The Dallas City Council unanimously approved an ordinance on Wednesday prohibiting pet store sales of dogs and cats.
The Dallas Morning News reported Dallas residents and animal welfare organizations proposed the Humane Pet Store Ordinance around five months ago.
The SPCA of Texas claims the ordinance will help to improve the health and welfare of animals. In part, banning pet stores from selling dogs also means these stores will not be purchasing dogs from “puppy mills,” theoretically lessening the demand for the allegedly “inhumane” facilities.
“If puppies are sourced from a rescue group or from an animal shelter, then we know that we’ve been vetted, and we know the origin of the puppies,” said Stacy Sutton Kerby, the director of government relations at the Texas Humane Legislation Network (THLN). “The reason that’s important is to protect both the puppies and to protect people.”
When customer Alison Roche spoke in favor of the ordinance, she mentioned her dachshund, Winston. She stated she paid thousands of dollars for the dog at Petland in North Dallas and then spent more afterward on veterinary fees.
The THLN added that the new rule would support several Dallas-based humane pet stores that partner with local animal shelters such as the SPCA of Texas to rehome animals.
“It is really important that, when people walk into a pet store or a shelter or wherever they’re going, and their goal is to bring home a new furry family member, you want to make sure that the puppy is healthy,” said Kerby.
The American Kennel Club voiced opposition to the ordinance, saying it will limit pet choice and certain consumer protections for individuals and families seeking a dog that matches their lifestyle.

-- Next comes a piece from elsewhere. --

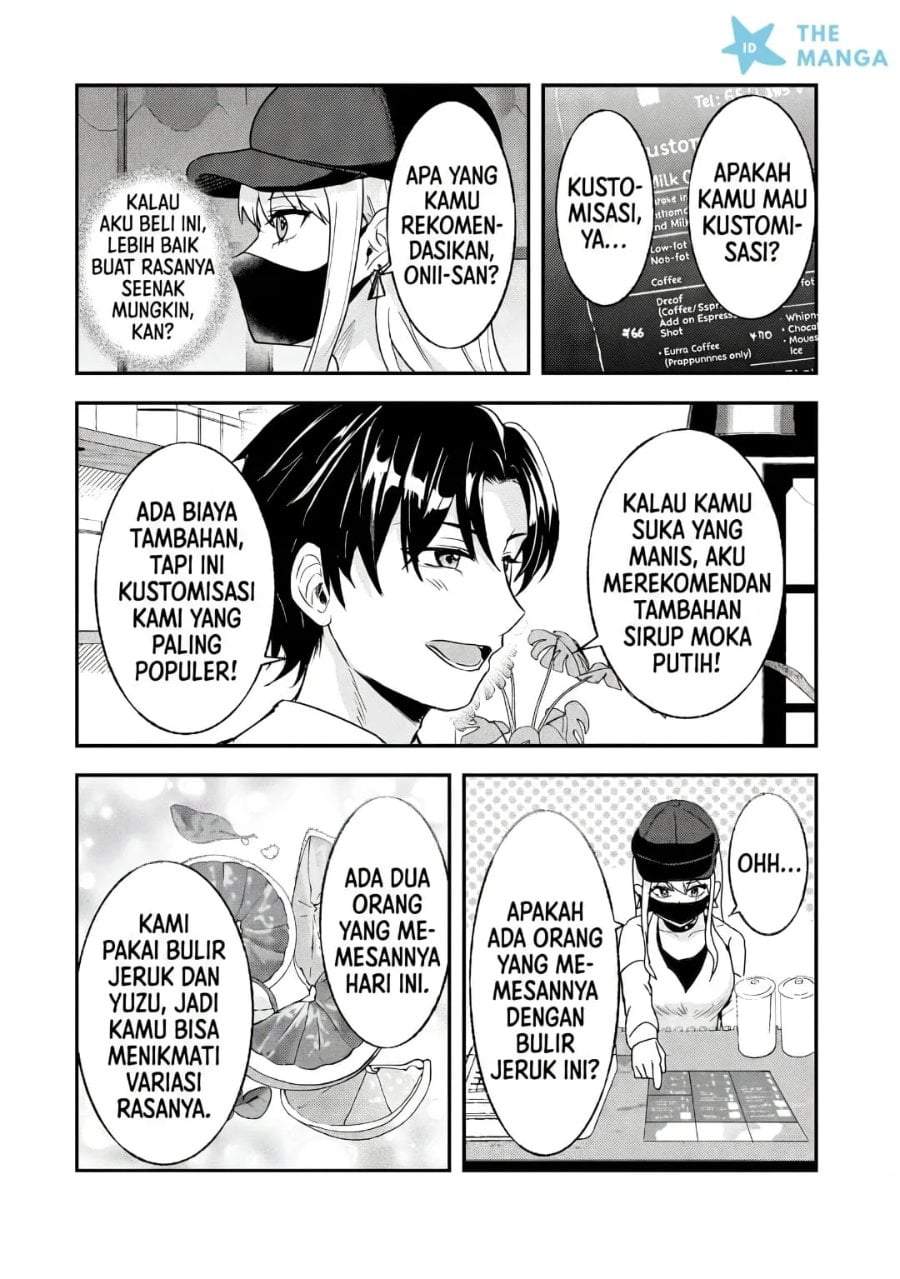 Aorikei Game Haishinsha (20-sai), Haishin no Kiri Wasure ni Yori Ii Hito Bare Suru. Chapter 10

Others are also concerned by the ordinance, like business owner Jay Suk. He operates a Petland store in North Dallas, the only one that sells puppies, and is worried that he will go out of business because puppies make up 75% of his sales.
Elizabeth Kunzelman, the vice president of legislative and public affairs for Petland, says that Suk only purchases puppies from USDA-licensed breeders who have not had any penalties within the last two years.
“I understand that the purpose is to stop puppy mills,” said Suk. “I truly support this goal. However, we work with responsible, licensed, and vetted breeders only.”
Kunzelman’s hope is for the city council to consider that Suk has abided by the rules and grandfather in Petland so that the business is not forced to shut down.